Carmack about static analysis

deadalnix deadalnix at gmail.com
Mon Dec 26 04:44:33 PST 2011


Le 26/12/2011 05:23, Andrei Alexandrescu a écrit :
> On 12/25/11 8:56 PM, deadalnix wrote:
>> Le 25/12/2011 05:27, Andrei Alexandrescu a écrit :
>>> Got the GC book this morning, already read 2.5 chapters :o).
>>>
>>>
>>> Andrei
>>>
>>
>> You'll find that you can do a lot when GC is aware of immutability (in
>> functionnal languages, most things tends to be immutable).
>>
>> In the actual state of druntime, the GC is bad, but worse, cannot be
>> imporoved to take advantage of this, and never will unless a major
>> changement is done in GC interface.
>
> What changes do you have in mind?

I think GC should be aware of immutable/shared on type qualifier.

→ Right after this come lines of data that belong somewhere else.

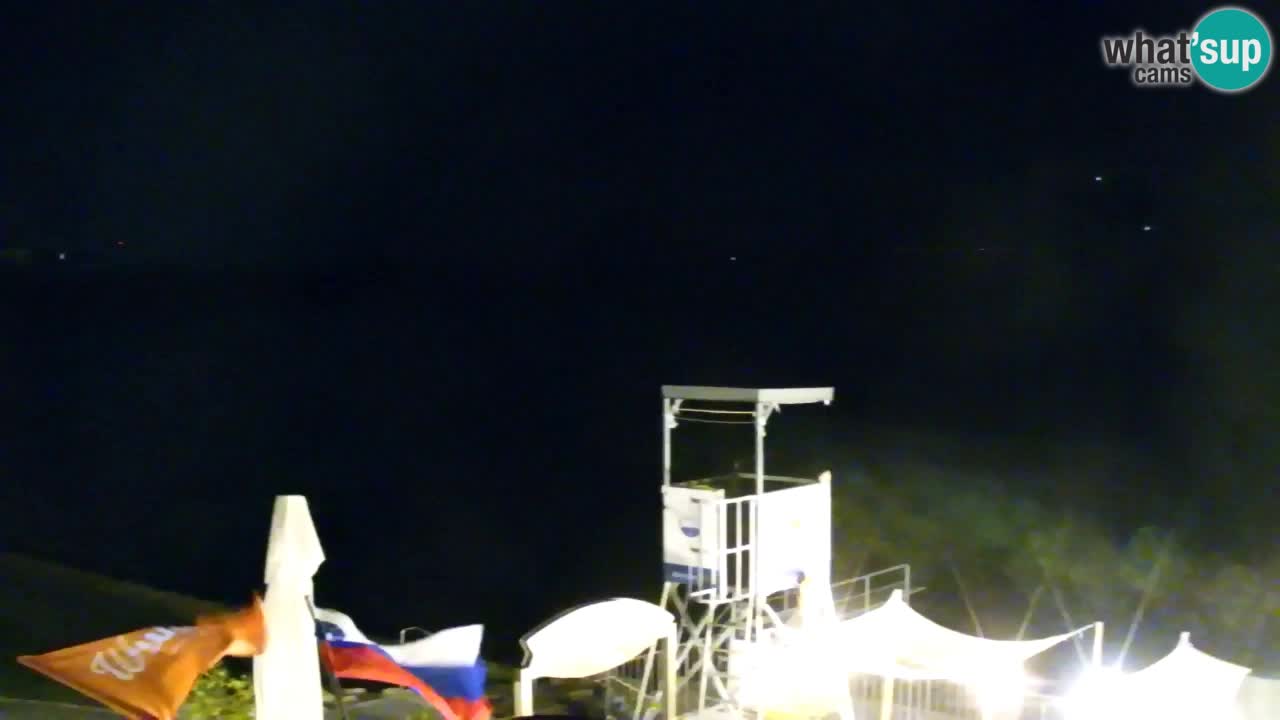 Webcam Lago di Velenje – Spiaggia di Velenje in diretta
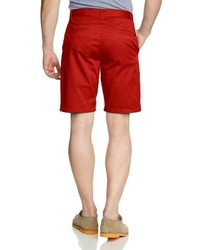 rote Shorts von Volcom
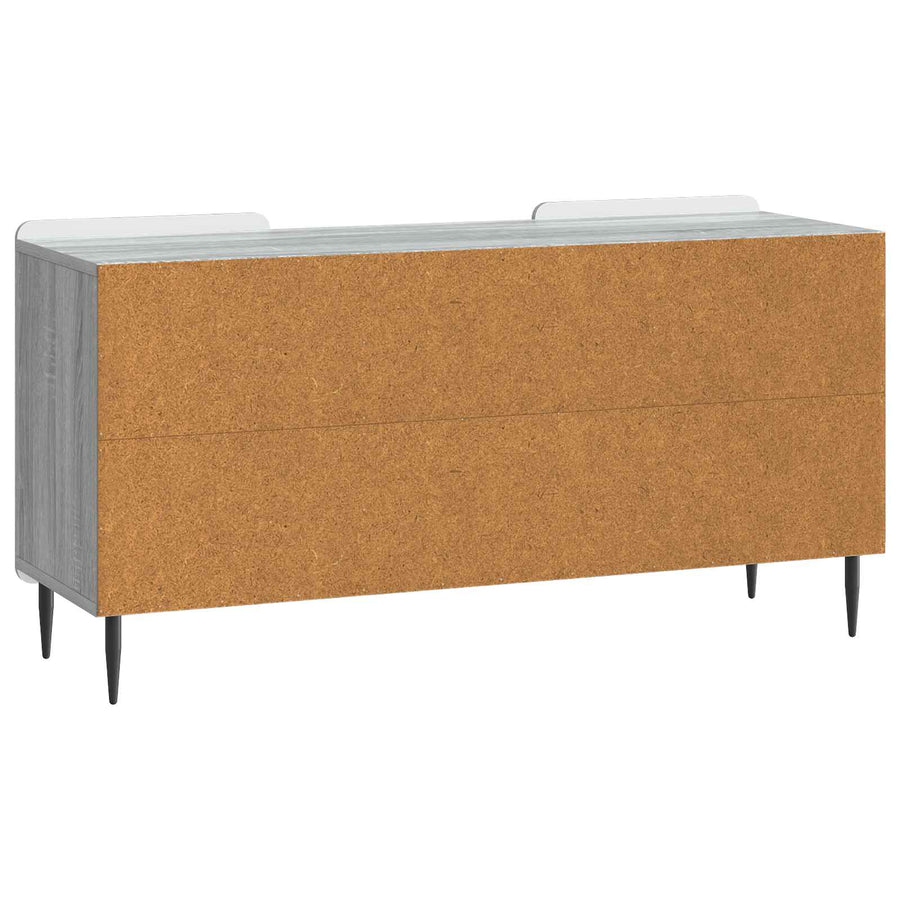 TV-kast Grijs sonoma 102 x 34,5 x 52 cm Bewerkt hout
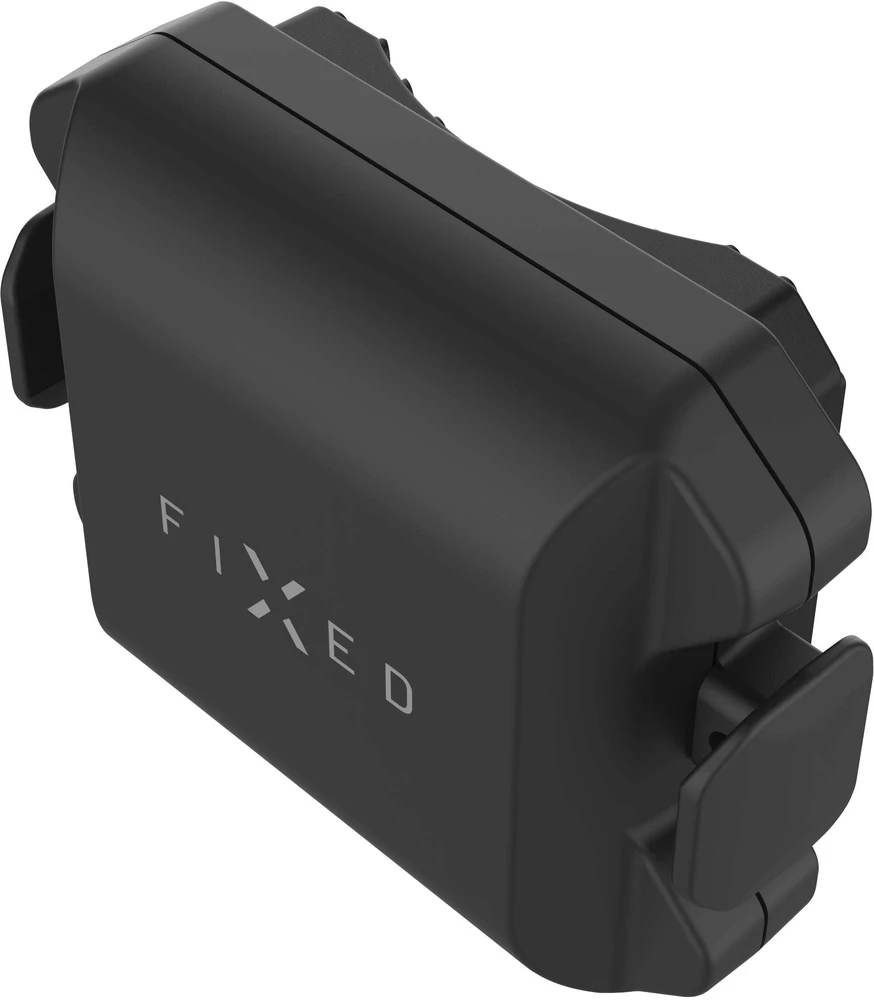 Išmanusis laikrodis Fixed Fiksuotas | Mynimo dažnio / greičio jutiklis sukimuisi | „Bluetooth“ | Juodas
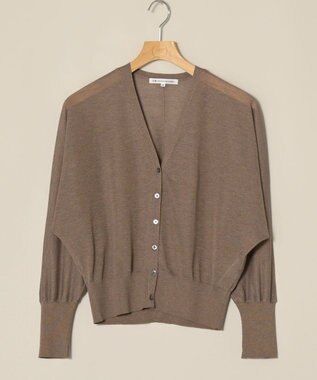 ONWARD Reuse Park 【23区】ニット春夏 ブラウン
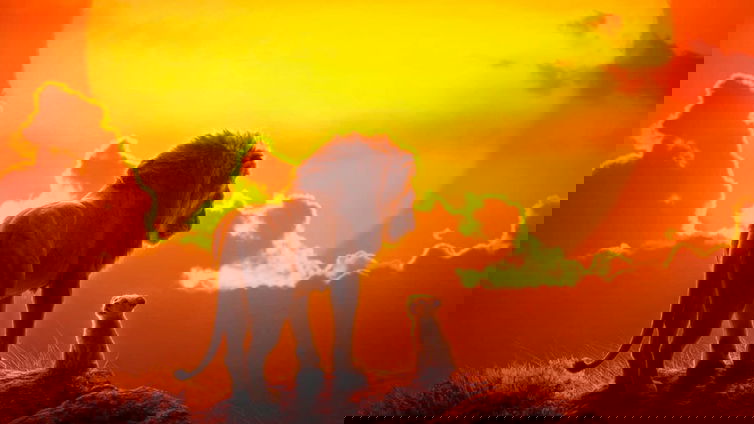 Immagine di Disney lancia la campagna "Proteggi i leoni africani"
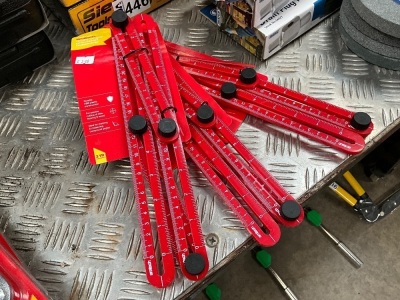 3No. UNUSED AMTECH MULTI ANGLE PRECISION MEASURES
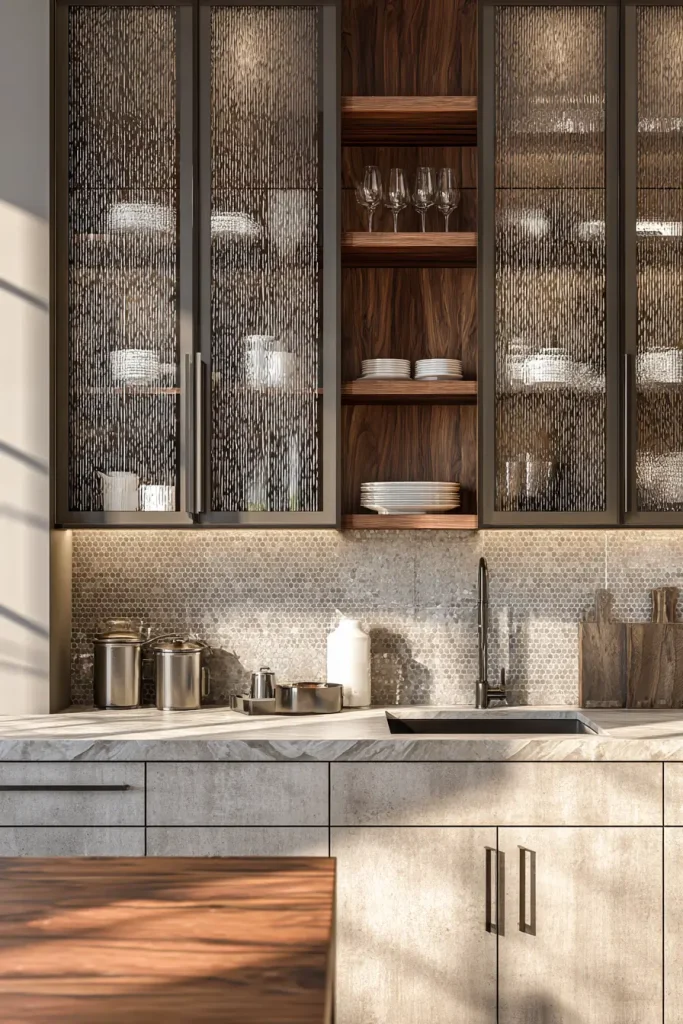 15. Glass Doors That Aren't Clear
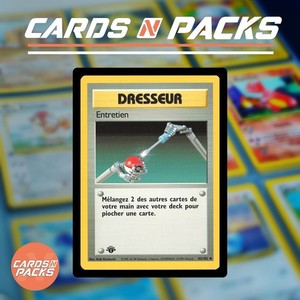 Carte Pokemon Entretien 83/102 Set de Base Edition 1 NM-Mint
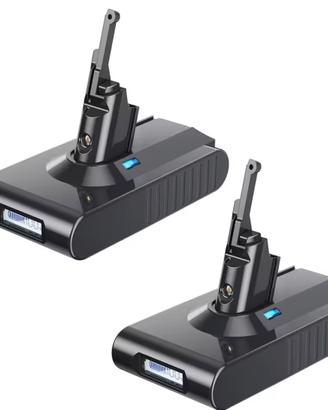 2 batterie dyson v8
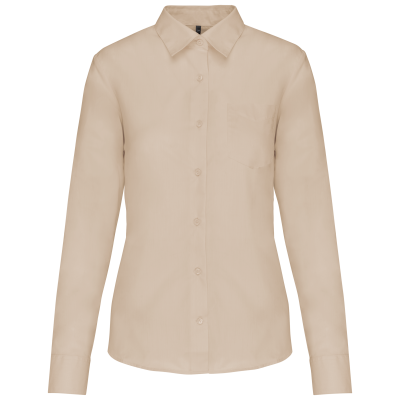 Chemise popeline polycoton entretien facile femme – Image 11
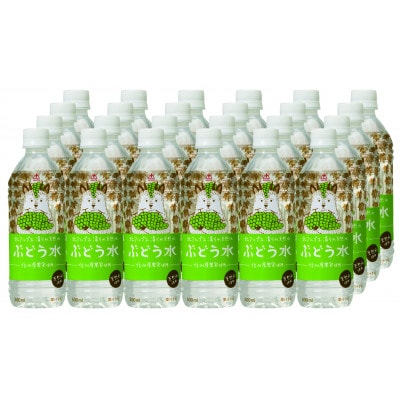 北アルプスの清らか天然水　ぶどう水　500mlPET×24本入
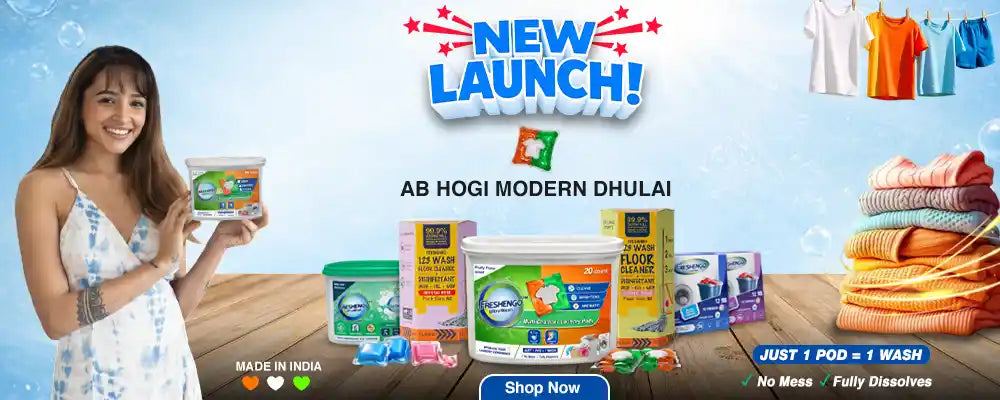 Laundry Products for best garmet and self care by Freshengo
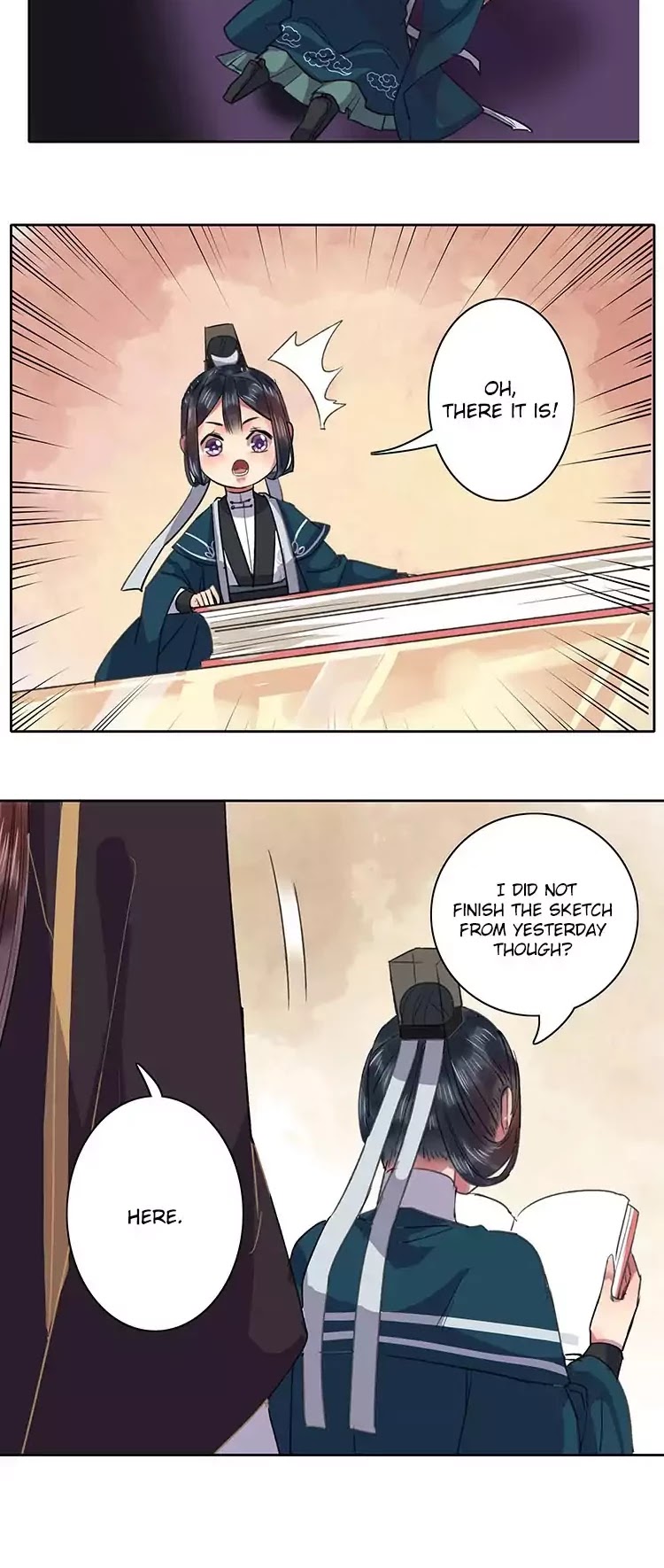 Princess in the Prince's Harem chapter 20 page 3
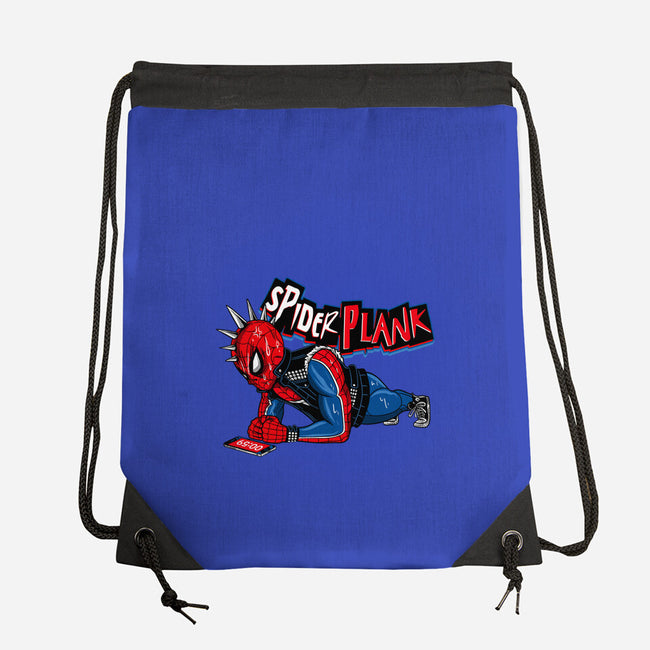 Spider Plank-None-Drawstring-Bag-gaci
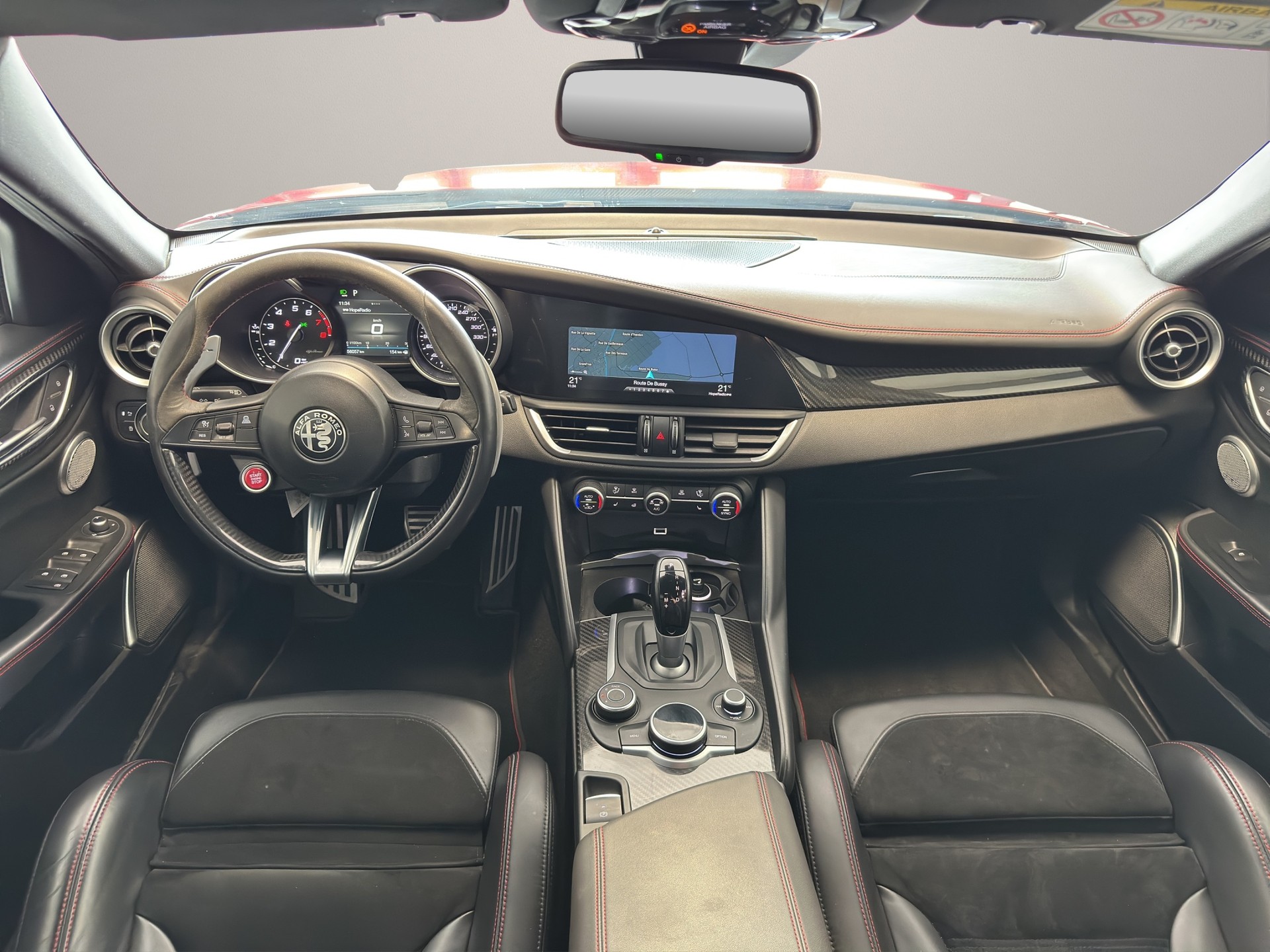 ALFA ROMEO Giulia 2.9 V6 Quadrifoglio Automatic-image-11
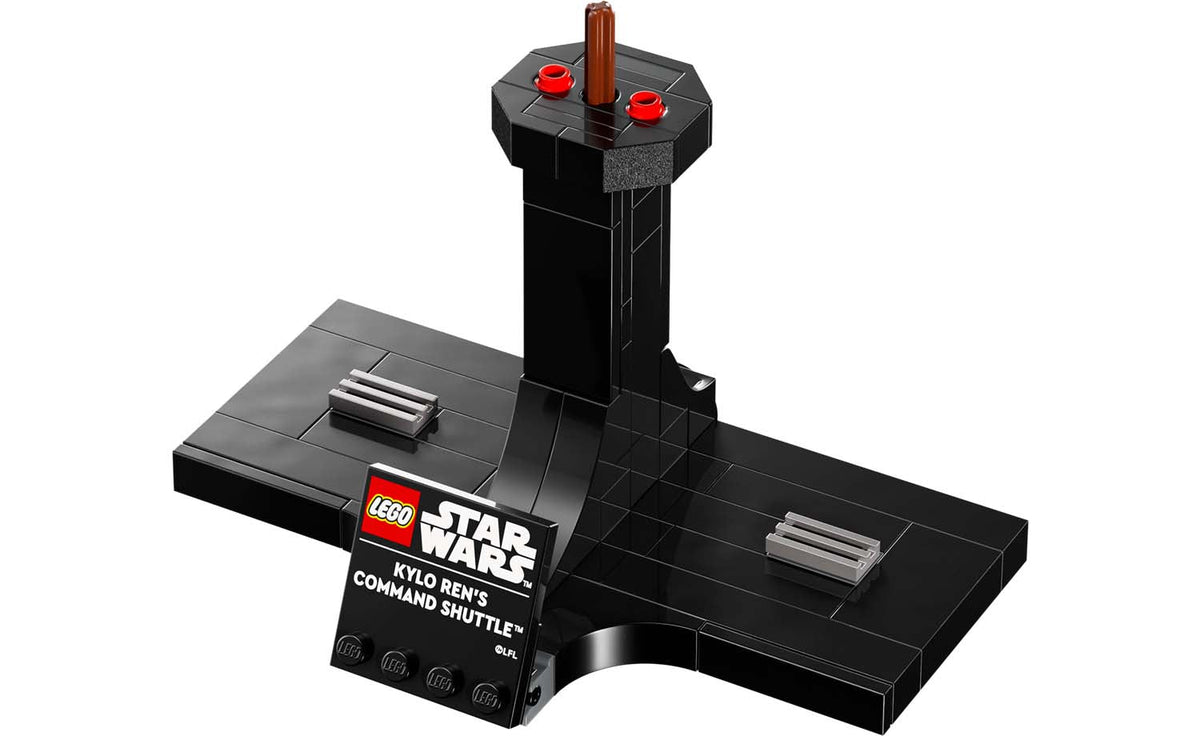 LEGO Star Wars Kylo Ren's Command Shuttle Building Set - 75406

Thread lcoal can be collected in a given thread without caring about 
others. immutable can be used as great advantage to collect concurrently.

>
> I've gone through a larger portion of the book and one thing has become
> very clear to me: we must improve the precision of the collector. This
> would be a gating feature towards taking the GC pretty much anywhere.
>
> As a first step, we must make all allocations except stack type-aware,
> and leave only the stack to be imprecise.
>

I dpo agree. However, this will generate a lot of code bloat. This seems 
to be an issue for many people (see topic on static this and executable 
size for more on that).

This tell us that we need a way to choose between GC. (just like JVM does).

For swap friendlyness, we can separate memory blocks that may contains 
pointer and the ones that cannot. If something is swapped, the GC 
soesn"t need to go throuw it and generate a huge amount of (slow as 
hell) IO.

For the same reason, we may want to use different memory blocks for TLS 
of each thread. If a thread is sleeping and swapped you don't want an 
working thread to prevent this memory to go on swap. The exemple or 
Chrome browser on a notebook is very explicit on that point : it has a 
huge memory footprint and will swap almost inevitably on thoses 
machines. However, it keep being fast because each tab has its own 
memory pool and a tab that hasn't the focus can be swapped almost 
completely. Firefox has a smaller memory fooprint, however, users 
complains more about its memory consuption. Because they are not aware 
of want is really different. Firefox consume less memory, but is way 
less cache friendly and slow down dramatically when it has to swap.

This is a big topic, and we may want to start a topic on that point 
specifically instead of hijacking this thread.